Y no me malinterpreten, no defiendo los desastres de algunos aprendices (me incluyo), cuando intentan escribir historias que en nada se parecen a sus realidades —especialmente en los diálogos, donde se vuelve más notorio el problema—, pero qué ocurre con los escritores exiliados; expulsados de sus fronteras; con un pie en cada tierra, en cada forma; ¿no hay espacio para ellos?, ¿para buscar adaptarse y ser comprendidos?, ¿hasta de la literatura hemos sido expulsados?

“Los límites de mi lenguaje significan los límites de mi mundo”, escribió Wittgenstein. Y aunque el propio Pron diría en una entrevista que aunque sería magnífico que el lenguaje transformase la realidad, esto no sucede; nada y todo va a cambiar en el momento en el qué dejemos de fingir lo que no somos (y lo que somos también).

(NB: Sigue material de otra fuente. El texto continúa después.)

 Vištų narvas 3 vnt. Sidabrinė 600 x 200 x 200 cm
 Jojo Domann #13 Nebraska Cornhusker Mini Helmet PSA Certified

Este “seudoproblema” ya nos lo advertía Borges, en “El escritor argentino y la tradición”, cuando hacía referencia a esa obsesiva búsqueda de las palabras nativas con la que los autores llegan al punto de lo artificial. Y, entonces, rescato el ejemplo de Banchs y de cómo sus azoteas y sus ruiseñores pueden resultar más argentinas que cualquier motivo local.

Pero aquí no vinimos a hablar de Borges, ni de si los nacionalistas son o no falsos traductores, ni sobre política, traducción, ni importación cultural, tampoco si en el Corán hay efectivamente o no camellos, ni siquiera de si sólo debemos escribir cómo y de los temas que deberíamos escribir según de donde seamos, sino de cómo y de qué escribimos los que ya no somos de ninguna parte.

Vale entonces traer a la discusión el término “zona” que usa Saer para referirse al lugar desde donde escribimos. Durante mucho tiempo me pregunté si ese concepto estaba sujeto a una determinación geográfica. Ahora me atrevo a decir que parte del estilo está en que cada autor logre encontrar su propia zona y, por qué no, su propio lenguaje. Escribir no es imponer una forma. Tomando el atrevimiento de modificar la frase de Borges para los fines de este texto: abandonarnos al sueño de la creación, sin desviarnos en estas pretensiones, nos hará buenos o al menos tolerables escritores y lectores.